In 1948, the architect of the post-war American suburb, William Levitt, explained the point of the housing finance system. “No man who owns his own house and lot can be a Communist,” he said. “He has too much to do.”

It’s worth reflecting on this quote on the ten-year anniversary of the financial crisis, because it speaks to how the architects of the bailouts shaped our culture. Tim Geithner, Ben Bernanke, and Hank Paulson, the three key men in charge, basically argue that the bailouts they executed between 2007 and 2009 were unfair, but necessary to preserve stability. It’s time to ask, though: just what stability did they preserve?

These three men paint the financial crisis largely as a technical one. But let’s not get lost in the fancy terms they use, like “normalization of credit flows,” in discussing what happened and why. The excessively wonky tone is intentional – it’s intended to hide the politics of what happened. So let’s look at what the bailouts actually were, in normal human language.

The official response to the financial crisis ended a 75-year-old American policy of pursuing broad homeownership as a social goal. Since at least Franklin Delano Roosevelt, American leaders had deliberately organized the financial system to put more people in their own homes. In 2011, the Obama administration changed this policy, pushing renting over owning. The CEO of Bank of America, Brian Moynihan, echoed this view shortly thereafter. There are many reasons for the change, and not all of them were bad. But what’s important to understand is that the financial crisis was a full-scale assault on the longstanding social contract linking Americans with the financial system through their house.
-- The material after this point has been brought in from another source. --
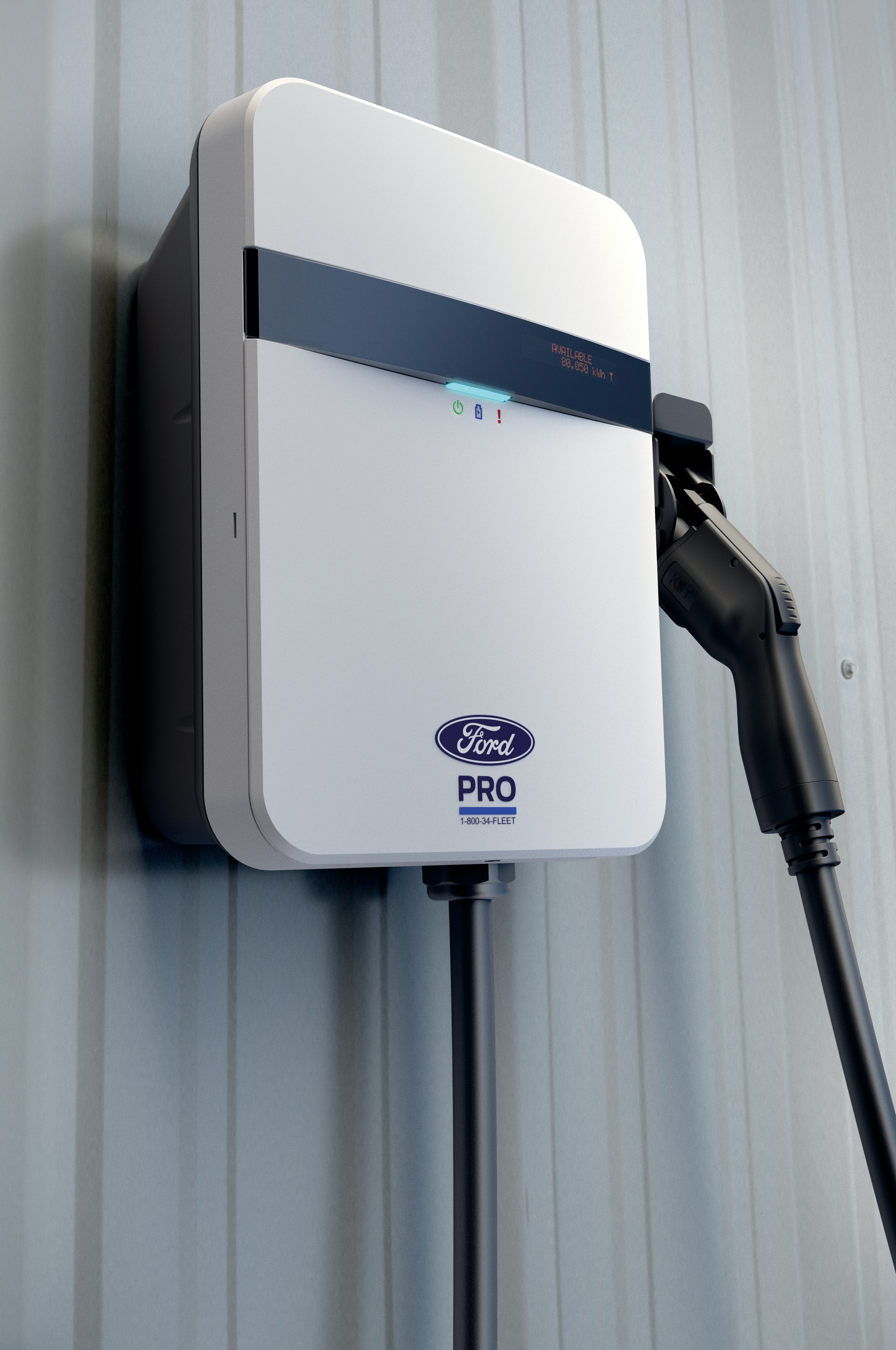A Ford Pro electric vehicle charger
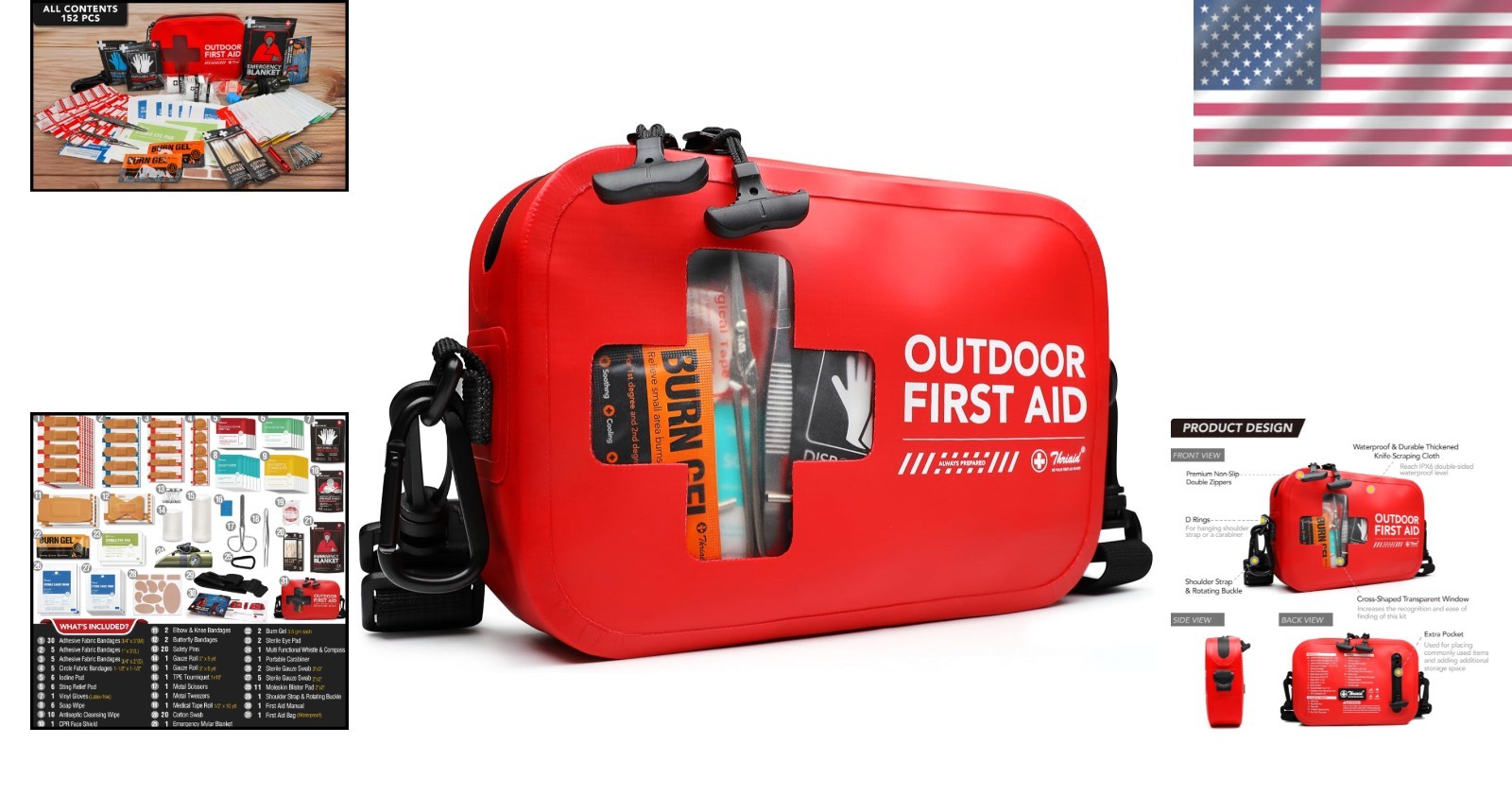 Emergency 152 PCS First Aid Kit in Red – Waterproof & Ready for Any Situation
The way Geithner orchestrated this was through a two-tiered series of policy choices. During the crisis, everyone needed money from the government, but Geithner offered money to the big guy, and not the little guy.

First, he found mechanisms, all of them very technical—and well-reported in Adam Tooze’s new book Crashed—to throw unlimited amounts of credit at institutions controlled by financial executives in the United States and Europe. (Eric Holder, meanwhile, also de facto granted legal amnesty to executives for possible securities fraud associated with the crisis.)

Second, Geithner chose to deny money and credit to the middle class in the midst of a foreclosure crisis. The Obama administration supported this by neutering laws against illegal foreclosures.

The response to the financial crisis was about reorganizing property rights. If you were close to power, you enjoyed unlimited rights and no responsibilities, and if you were far from power, you got screwed. This shaped the world into what it is today. As Levitt pointed out, when people have no stake in the system, they get radical.

Did this prevent a full-scale collapse? Yes. Was it necessary to do it the way we did? Not at all.